L’employeur doit procéder à des contrôles techniques de VLEP, par un organisme accrédité, au moins une fois par an et lors de tout changement susceptible d’entraîner un impact sur les émissions (articles R4412-76 à 77 du Code du travail). Les résultats sont communiqués par l’employeur au médecin du travail ainsi qu’au comité social économique ; ils sont également tenus à la disposition de l’agent de contrôle de l’inspection du travail et des agents de service de prévention des organismes de sécurité sociale et du médecin agent de contrôle (article R4412-79 du Code du travail).
Le respect des VLEP est un objectif minimal de prévention. Pour les substances, mélanges et procédés cancérogènes comme les travaux exposant à la poussière de silice cristalline alvéolaire issue de procédés de travail, il n’existe pas de seuil en dessous duquel elles ne produisent pas d’effet. Il faut réduire l’exposition au niveau le plus bas que techniquement possible.
Pour les poussières de silice cristalline, il existe différents dispositifs de prélèvements et de méthodes d’analyse.
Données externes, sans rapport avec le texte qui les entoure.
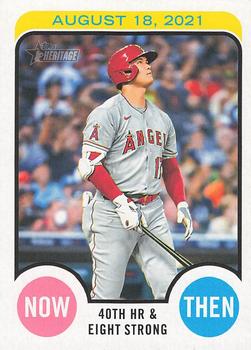 40th HR & Eight Strong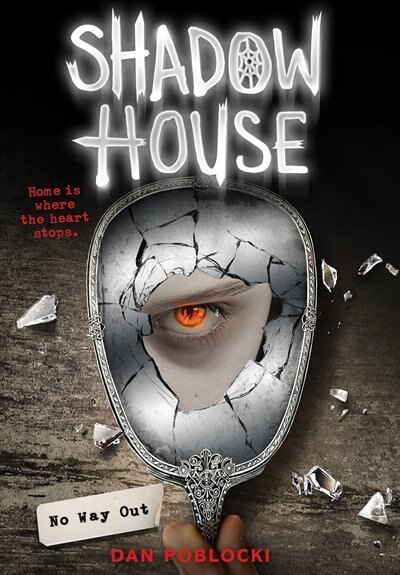Front cover_Shadow House, Book 3: No Way Out (Library Edition)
Les deux principales méthodes sont présentées dans le tableau ci-dessous :
Parmi les méthodes d’analyse disponibles, la méthode par Diffraction aux rayons X (DRX) présente l’avantage d’identifier les phases minérales présentes en plus de la silice cristalline, et ainsi de mieux gérer les interférences (rapport de l’Anses « Dangers, expositions et risques relatifs à la silice cristalline » Avis de l’Anses - Avril 2019).